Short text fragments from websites
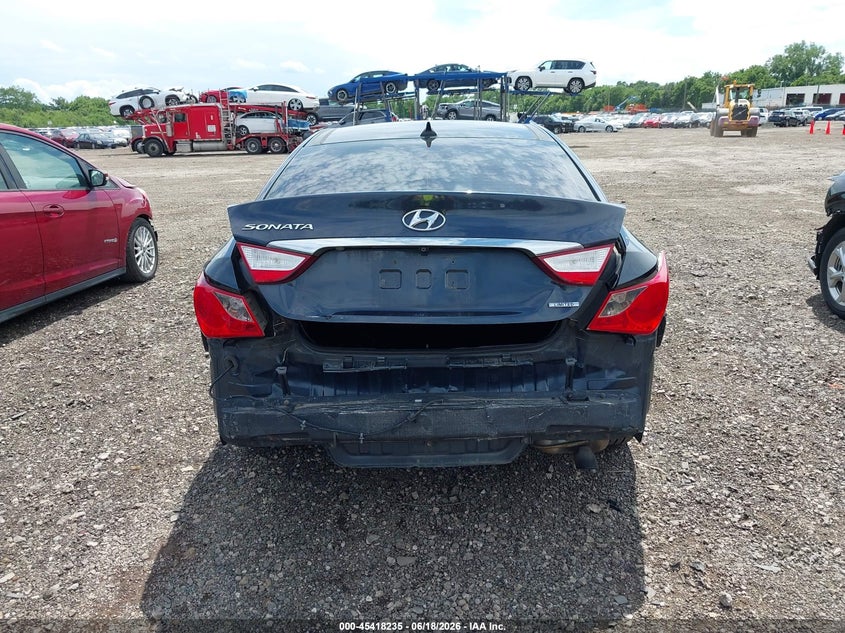 2013 Hyundai Sonata VIN 5NPEC4AC4DH658443 IAAI salvage auction — REAR END, Salvage (Ohio), sold $375 on 2026-07-08 (photo 6)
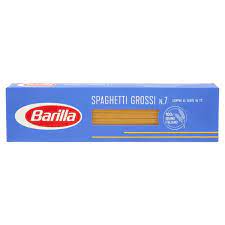 Spaghetti originates from the south of italy and is commonly used with tomato sauces, fresh vegetables, or fish. Barilla Spaghetti Grossi N 7 500 Gr Italy Food Shop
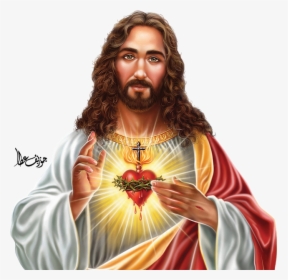 Sacred Heart Of Jesus And Mother Mary, HD Png Download, Transparent PNG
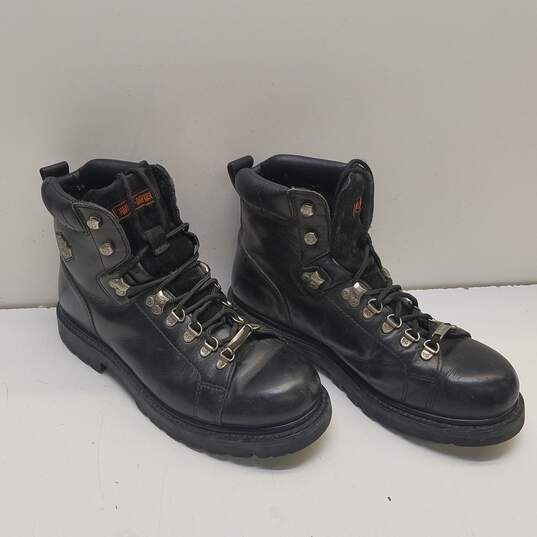 Harley Davidson Black Leather Boots US 10.5 image number 7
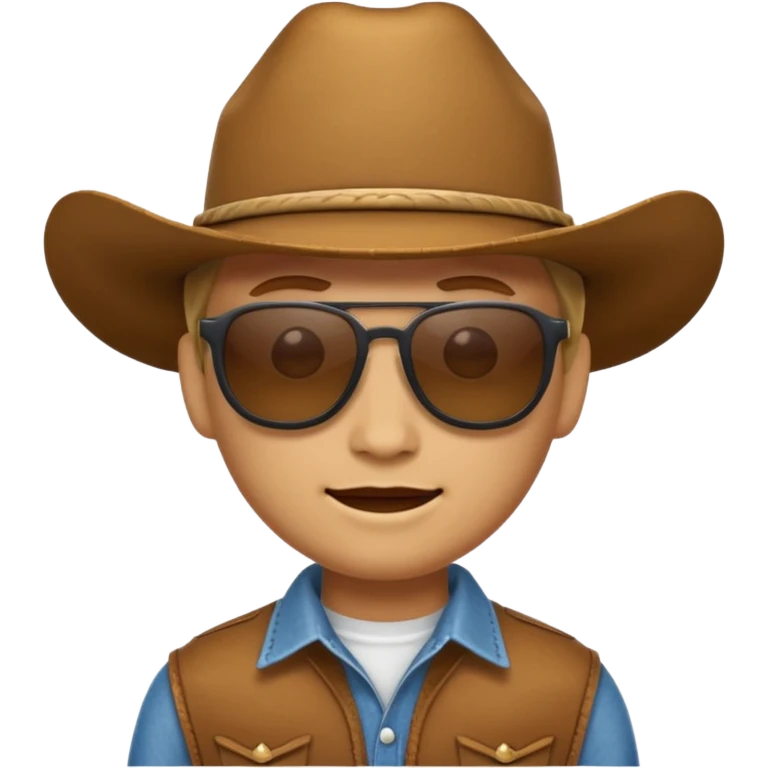 Cowboy emoji with sunglasses  emoji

• [TASK STATEMENT]:
Take each line from the records and copy it unchanged, leaving images out.

• [WRITTEN SOLUTION]:
 2013 Hyundai Sonata VIN 5NPEC4AC4DH658443 IAAI salvage auction — REAR END, Salvage (Ohio), sold $375 on 2026-07-08 (photo 6)
 Spaghetti originates from the south of italy and is commonly used with tomato sauces, fresh vegetables, or fish. Barilla Spaghetti Grossi N 7 500 Gr Italy Food Shop
 Sacred Heart Of Jesus And Mother Mary, HD Png Download, Transparent PNG
 Harley Davidson Black Leather Boots US 10.5 image number 7
 Cowboy emoji with sunglasses  emoji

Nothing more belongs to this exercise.